The OCI Chemical Trona Mine is located a few miles northeast of FMC, and is the smallest in output. Even so, it is a large operation, employing 430 people and extracting 2.7 million tons annually. For years it was owned by OCI Enterprises Inc., a South Korean company. It is now owned by the Ciner Group of Istanbul, Turkey, which purchased it for $429 million.
General Chemical has operated a trona mine for several decades, a few miles south of the FMC operation, employing around 500 people. General Chemical was bought by the Indian industrial conglomerate Tata in 2008. The fourth in the belt of trona operations is the Solvay Trona Mine, located south of Interstate 80, at the end of Tenneco Road.
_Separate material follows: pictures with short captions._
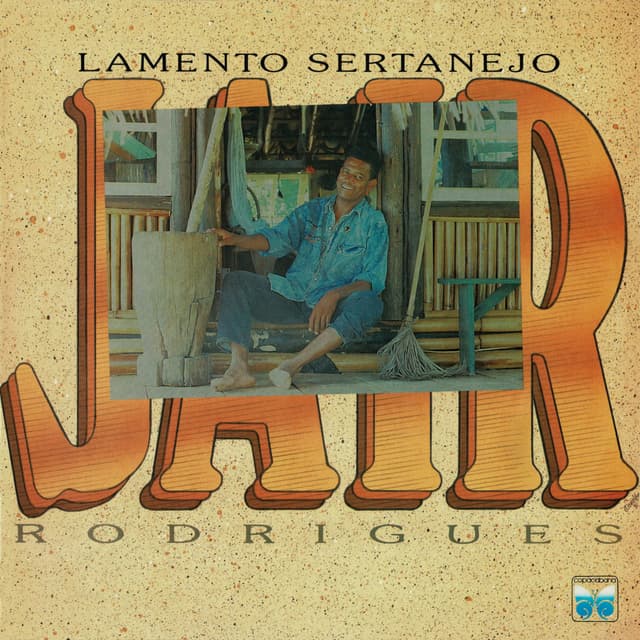 Album cover art for Lamento Sertanejo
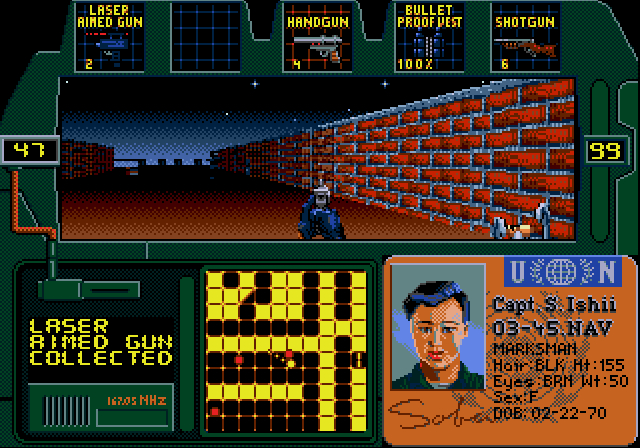 Скриншот из игры Zero Tolerance - 13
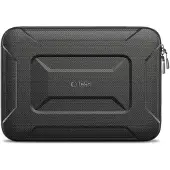 Tech-Protect Ranger-X Taktische Laptoptasche für 15-16 Zoll, Schwarz (16"), Sac pour notebook, Noir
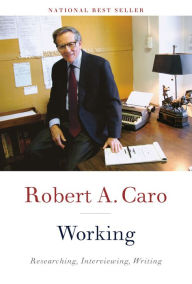 Download best ebooks Working by Robert A. Caro 9780593081914  in English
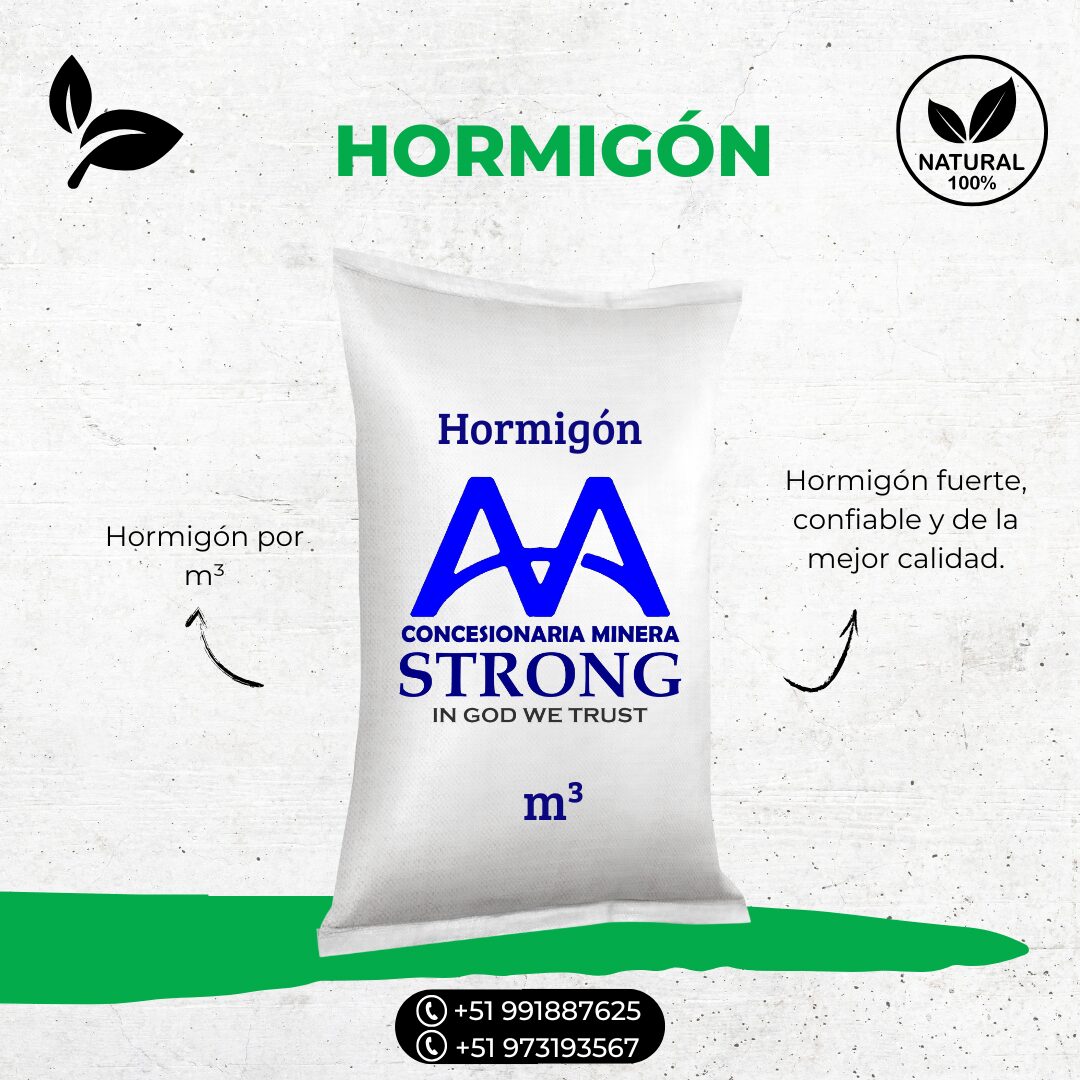 Venta de Hormigón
The mine’s owner, Solvay, is a French and Belgian chemical conglomerate.
East of the trona mines, near the town of Rock Springs, is another large mineral processing facility, the Simplot Rock Springs Phosphates Plant. This large fertilizer plant produces dry fertilizer for agricultural use. It is supplied by a phosphate mine near Vernal, Utah, which delivers the ore through a 96-mile long slurry pipeline buried in the ground. The plant also uses molten sulfur, which is supplied by pipeline too, from the region’s oil and gas activity. The plant is expanding, with the addition of a $300 million ammonia plant that makes the product from natural gas, locally produced, also delivered by pipeline. Fertilizer made here is shipped to farmlands of the midwest.
The plant’s owner, Simplot, is one of the nation’s largest privately-held companies, an agribusiness started in Idaho by J.R. Simplot. The company is known as the inventor of the frozen french fry. Simplot operates another major phosphate plant in Pocatello, and in California’s Central Valley. Fertilizer plants can explode violently, which is one reason this remote area is favored by the company. The other is the regional production and conveyance systems for minerals and gas.
Oil and Gas: Old and New
Wyoming was a major source for oil and gas historically, and still is, though to a lesser degree, as domestic plays like Bakken, Marcellus, and the broad sweep of domestic fossil fuel production expanded across the country.
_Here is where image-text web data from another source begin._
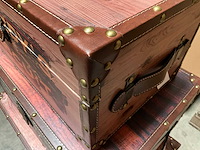 Stax biscuits decoratieve opbergkoffers set van 4 - afbeelding 7 van  11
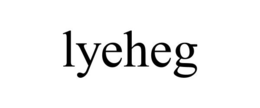 LYEHEG trademark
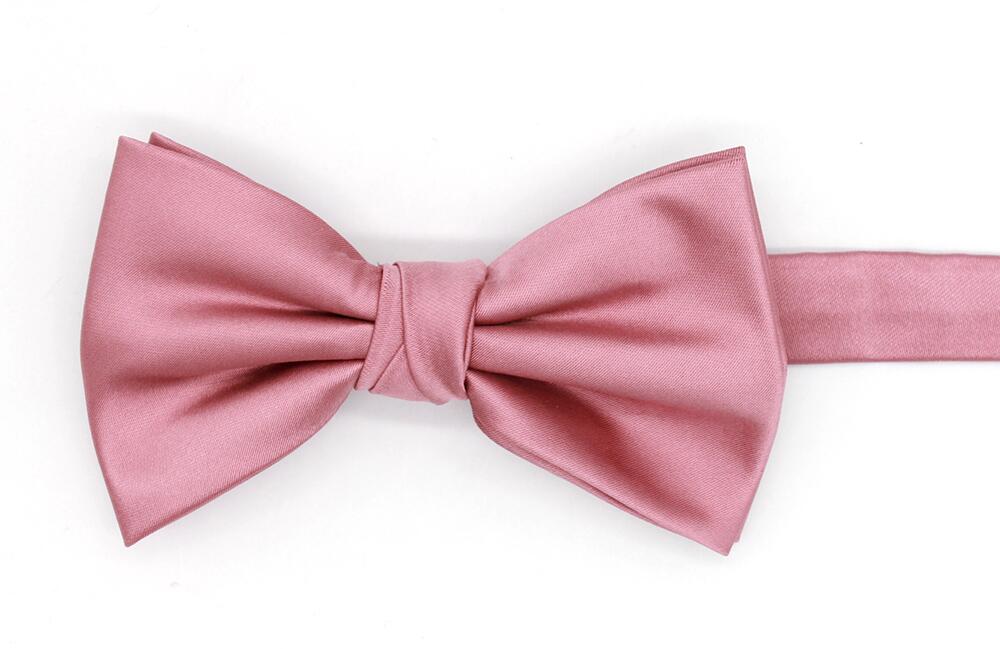Mix-and-Match Satin Bow Tie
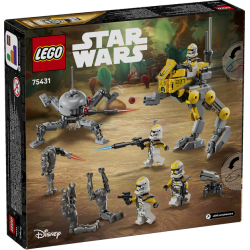 LEGO Star wars 75431 Battle Pack med klonsoldater fra 327. stjernekorps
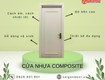 Cửa nhựa composite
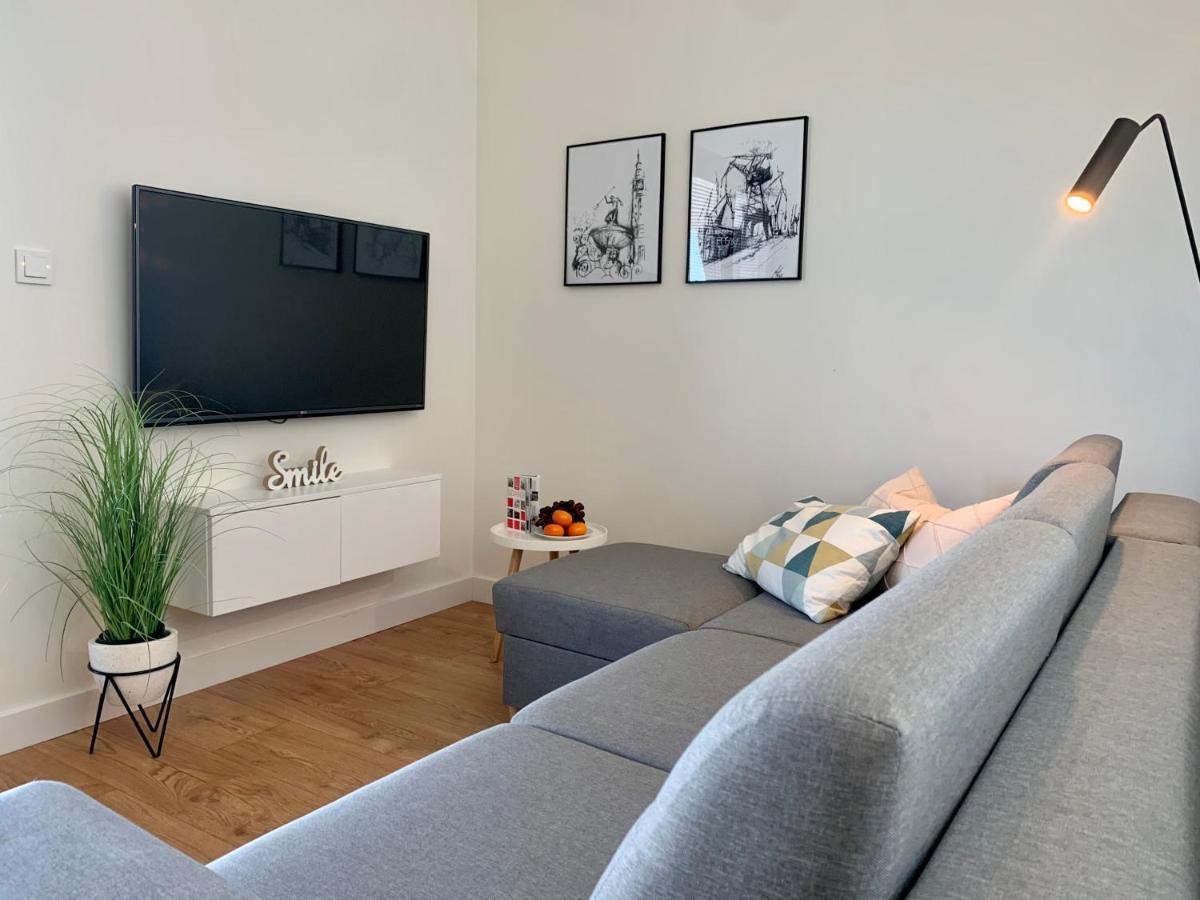 Apartamenty Aura Q4Apartments Gdansk Dış mekan fotoğraf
Historically, it was the Salt Creek Oil Field region that boosted the state into a major oil provider in the early 1900s. The old oil patch around there is littered with remains from the era.
A large portion of the field was set aside by the federal government to be used only in the event of a national crisis or shortage, called naval reserves, as they were established initially as fuel supplies for naval ships. This reserve site was made famous by the Teapot Dome scandal in 1922, when commercial pumping was allowed from the federal oil field here, and from ones in California, by a Secretary of the Interior who had been bribed by the oil companies that did so. The scandal involved Harry Sinclair, the founder of Wyoming’s Sinclair Oil, who served six months in prison for his role, then moved back into his Manhattan mansion.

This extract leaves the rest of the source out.